Monday, May 15, 2006

Reflexive vs. Recursive Queries and Self-Joins

People (mostly database people) keep asking what I meant by reflexive query in my previous posts. Some thought I was confusing a self-join with a recursive query that would allow my DNS server to answer a DNS query for a domain for which it is not authoritative. What I mean is a query that returns a caller and a callee; and then another query that returns the callee's callees. In a self-join, I can match employers to their managers, since both are in the same table. While the NSA-phone tracking system might use some self-joins, what makes the network part work is getting queries from queries, and jumping from callers to callees. Of course I'd like all the results timestamped, too. Recursive queries are a part of this, and SQL 2005 can do it. If I had a few gigabytes worth of phone data, I'd love to let SQL 2005 loose and see what connections I could see. When I say reflexive, though, I mean that I'm going to use my queries to start other queries, and not just as sub-queries. The recursive part could lead to infinite loops. I wonder if the NSA hit any infinite loops when testing their system. Fortunately, you can specify limits on recursion in SQL 2005.

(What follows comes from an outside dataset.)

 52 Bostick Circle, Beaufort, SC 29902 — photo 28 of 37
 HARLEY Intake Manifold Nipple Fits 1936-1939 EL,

The scary part of this is what would happen if I had the resources to make it run really fast and tuned it to be as efficient as possible. I could select a target and find all of its connections in a few seconds or a few minutes. The difference between seconds and minutes would make a huge difference. In a system where it takes a couple of seconds to generate results, nobody would notice if I ran a few "unofficial" queries on my friends. If it took a few minutes and precious computer time, then people would notice. Utilitarian ethics.

This begs the question: how much computer time (and tax dollars) does our government use tracking down everyone who calls reporters? Then again, leaking classified information is unethical, but people do it anway. Contextual ethics. Of course, there's also the issue of selective enforcement, but that's a legal issue, not an ethical one.

Thus we're left with utilitarian ethics vs. contextual ethics. Who knew that efficient queries and more processing power could give one type of ethics an advantage over the other?